It seems that they too want to watch American Idol every week and know they have to pay for it. What to do? It’s simple. The activists have formed a national association and send troops of recruiters to college campuses to compete with the likes of IBM, AT&T, the CIA and the French Foreign Legion.

Here’s a typical sales presentation being made to a typical student at a typical college by a typical activist association representative.

Recruiter: Young man, the Activist Association of America offers you a unique opportunity to see your country in a way most Americans don’t — from the inside of a jail.

Student: I’m not convinced. What are the real benefits to society in full time activism?

Recruiter: A good question. First of all, if you in any way believe that activism can affect positive social change, our association has a detailed catalogue of 4,321 causes you can choose from. A very popular cause in Sanibel, for example, is the protest against the Timbers’ and Doc Ford? policy of not accepting dinner reservations. We have a demonstration planned later this month outside those establishments. Schools of fish will charge reverse discrimination because they’re only blackened and not whitened. The following month, we’ll have a demonstration for homeless egrets, for the rights of sun worshipers who refuse to use sun tan lotion, and for Sanibel restaurant patrons who advocate formal dress for all occasions.

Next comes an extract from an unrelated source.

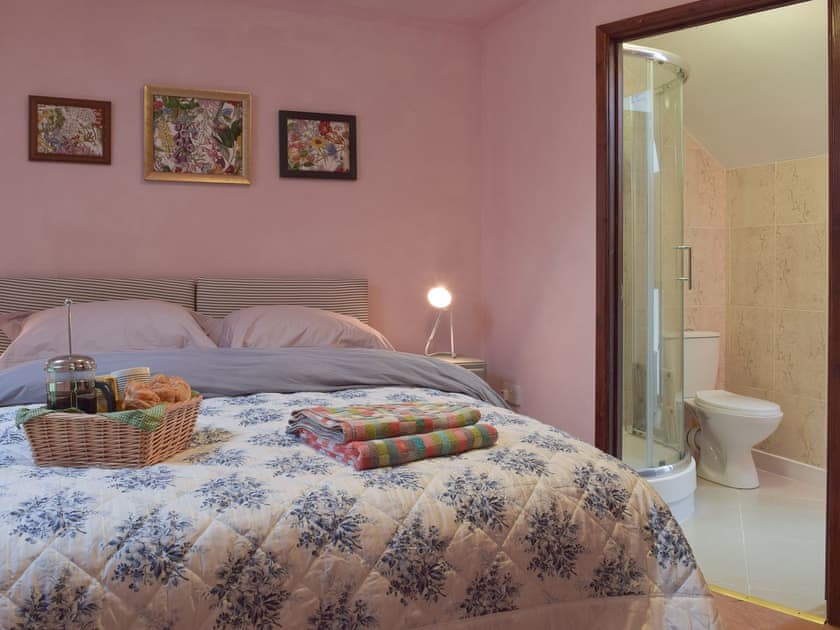 Double bedroom with en-suite | The Granary - Pendegy Mill, Llanybri, near Carmarthen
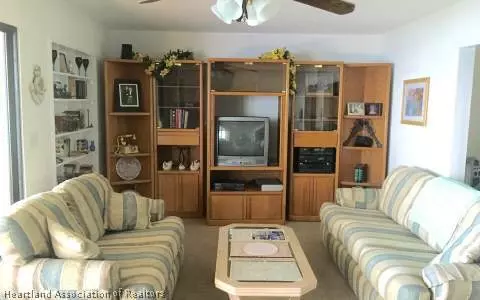 640 Killarney Dr, Sebring, FL 33870 photo 3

We find causes everywhere and are constantly adding new ones to our catalogue.

Student: Okay, you’ve convinced me. I’ll cancel my next meeting with IBM. What’s the next step?

Recruiter: You’ll undergo basic training for ten weeks to learn how to be an activist. Then we have an exciting first assignment planned for you. In September you will make your way to Sanibel Island and join in a planned demonstration by the island’s alligator population to demand equal representation on the city council.